Bullion is a hunk of gold or silver, usually in a form suitable for trading or ready to be made into coins. Add an o to the word and move the i, and it becomes bouillon, which is a base for soup or stew.
Both words are French, but their relationship is a bit murky. It seems that both derive from the Latin word bullire, which means to boil. So does boil. Bullire also gives us bouillabaisse and boule, the French word for ball, though apparently ball is not directly related. If you’re familiar with the bullion stitch in embroidery, that comes from boule and has nothing to do with precious metals.
To classical Latin speakers, bulire also meant to make bubbles, which is sometimes a synonym for boil. Bubble is probably unrelated etymologically. It is a variation of the earlier burble, which is probably onomatopoeic.
Germanic languages gave us broth, also from a base word that meant boil and which also give us brew (more than 1,200 years ago).
Bouillon often is combined with cube; a bouillon cube contains dehydrated seasonings, vegetables and meat that are mixed with with boiling water to reconstitute bouillon.

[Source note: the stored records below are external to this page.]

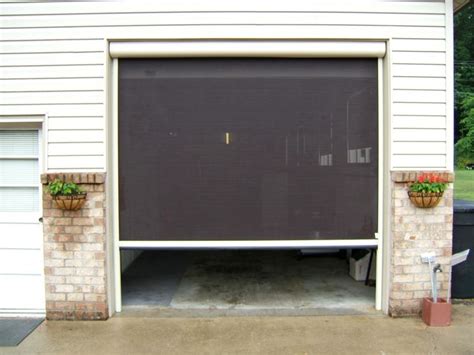 Dallas Motorized Screens - Garage Door Screens - KJ Custom Screens & Outdoor Living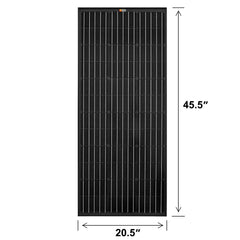 Rich Solar Mega 100 Watt Solar Panel RS-M100BX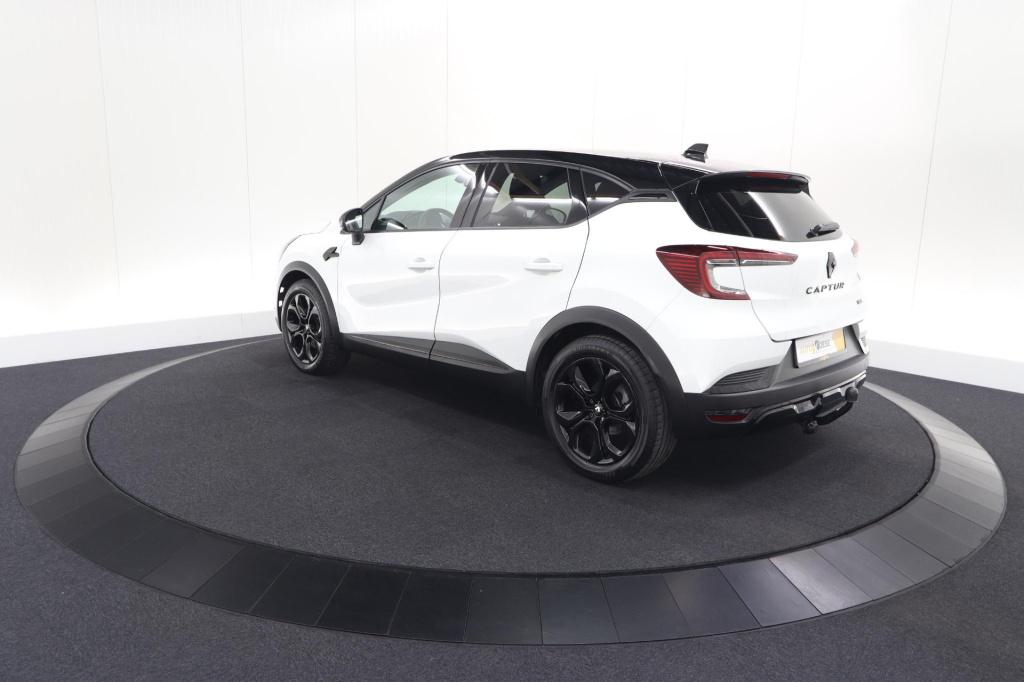 Renault Captur 1.6 e-tech hybrid 145 sl rive gauche | trekhaak | camera | a
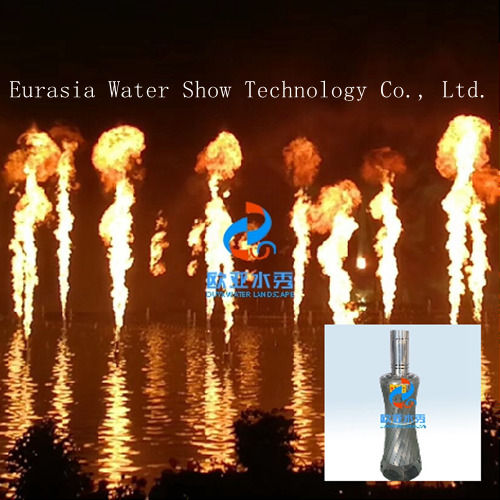 Easy Installation Fire Effects Fire Flame Fountain Jets Device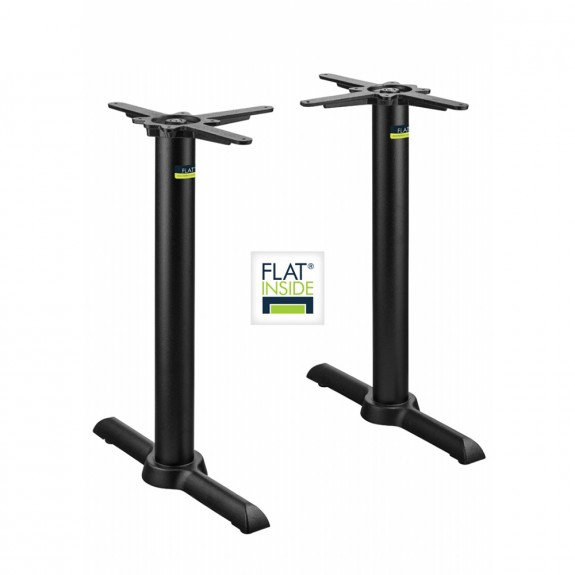 Flat Tech Self Levelling Twin Table Base KT22
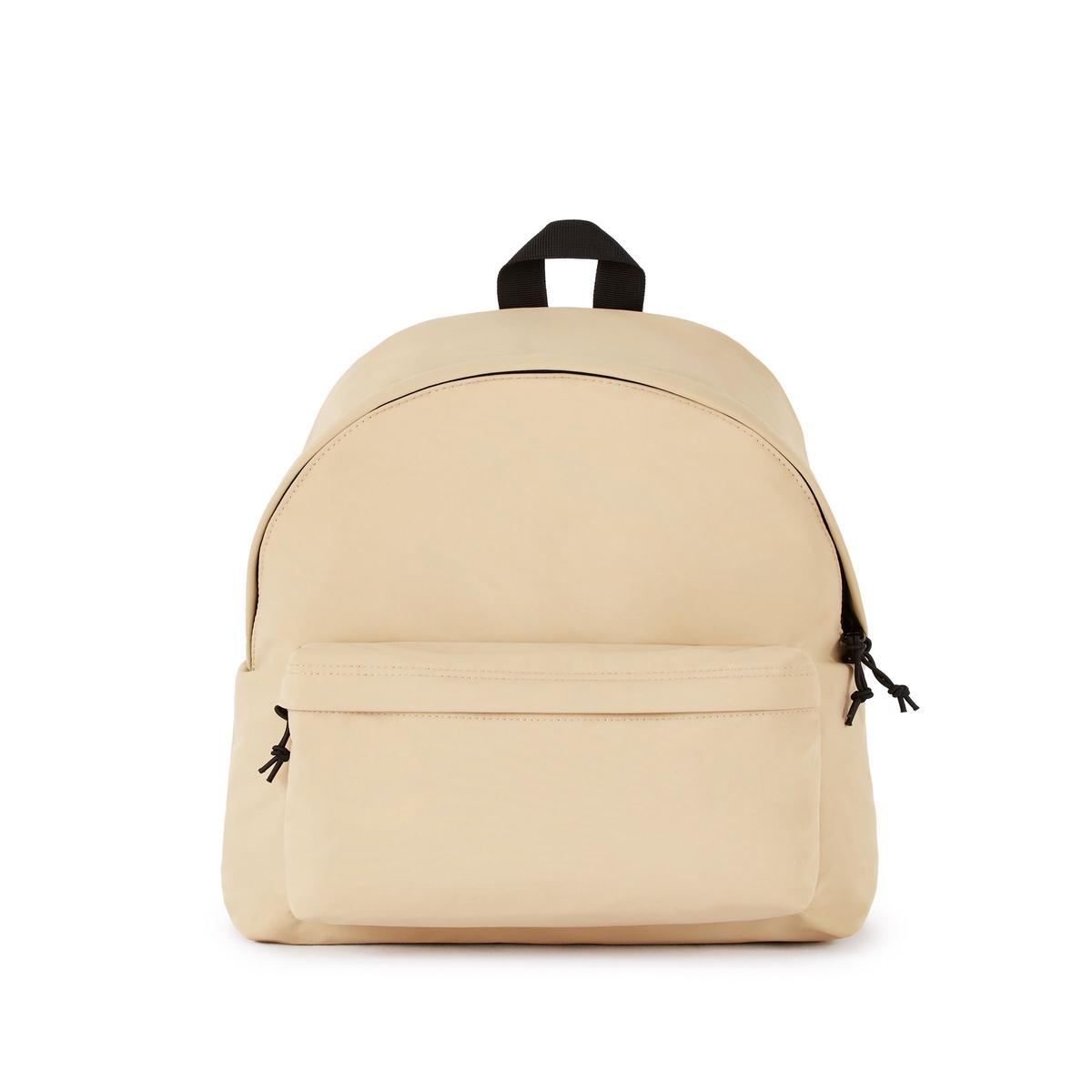 Beige Backpack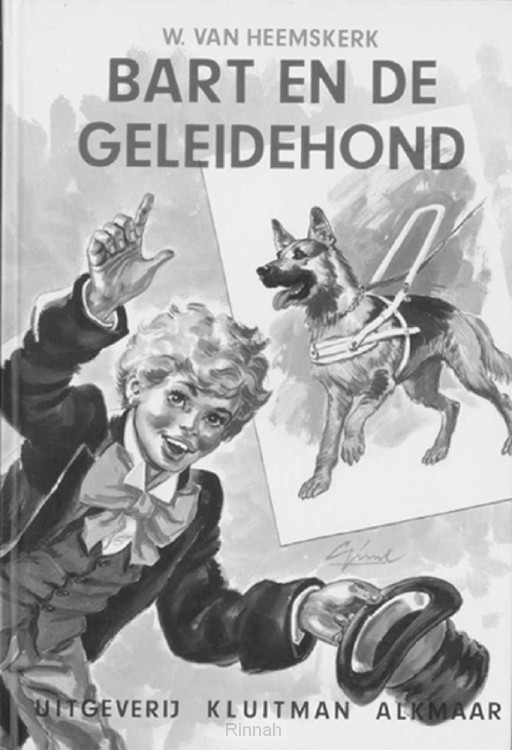 Bart en de geleidehond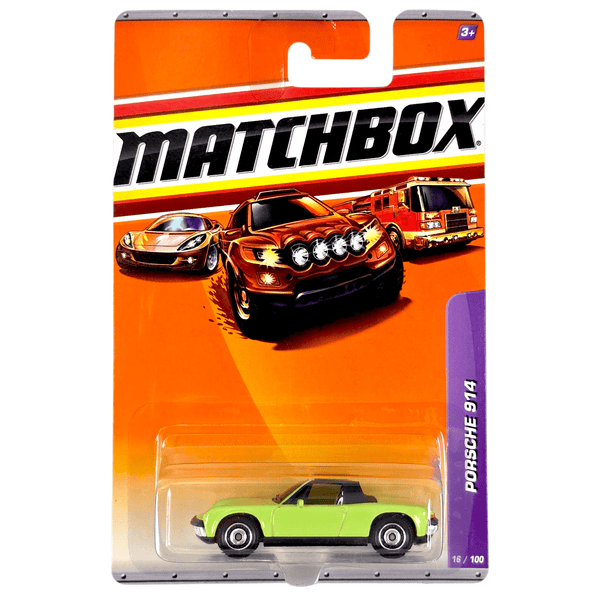 Matchbox - Porsche 914 - 2010 - Top CollectiblesDiecastMatchbox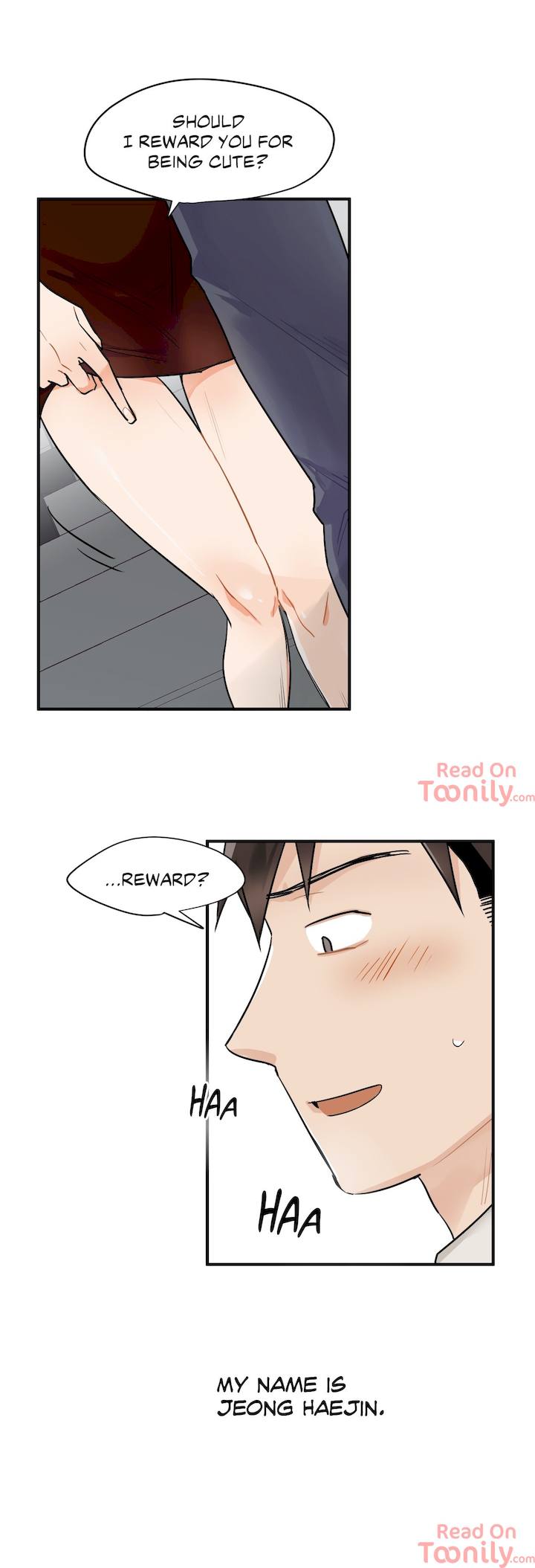 Emergency Stairs Chapter 1 Page 11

The path of bouillon from boil or bubble seems obvious, but what of the blocks of metal? The etymology is a bit of a mystery, but it seems likely that the idea of boiling was applied to the process of melting metal. That’s a bit odd, since gold boils at 2,000 degrees Celsius but melts at about 1,000 degrees. Water boils at 100 C.
The word bullion first appears in English in relation to a place where precious metals were melted for coins. Maybe an early Anglo-Norman minter complained about the trading house as the furnace was going, “It’s boiling in here.” (That hyperbolic use of boiling is first attested in the Oxford English Dictionary in 1930.)

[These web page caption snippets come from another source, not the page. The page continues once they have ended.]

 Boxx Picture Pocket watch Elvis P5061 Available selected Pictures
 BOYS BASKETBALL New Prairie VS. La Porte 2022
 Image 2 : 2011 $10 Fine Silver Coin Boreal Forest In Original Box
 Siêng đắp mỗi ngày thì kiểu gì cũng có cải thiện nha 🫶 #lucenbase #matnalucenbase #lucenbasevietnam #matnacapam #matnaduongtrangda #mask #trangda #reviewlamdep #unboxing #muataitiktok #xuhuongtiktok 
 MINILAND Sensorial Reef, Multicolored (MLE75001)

The mint use of bullion exists as late as the 18th century, according to the OED. Bullion was applied to a hunk of precious metal in the 14th century.
To differentiate the precious metal from the soup, you could think of the extra o as a round pot or soup bowl. And think of the French word for yes to remember the three vowels together: oui. If you have a mind for finance, you could remember that in a bull market, people are buying stocks rather than bullion.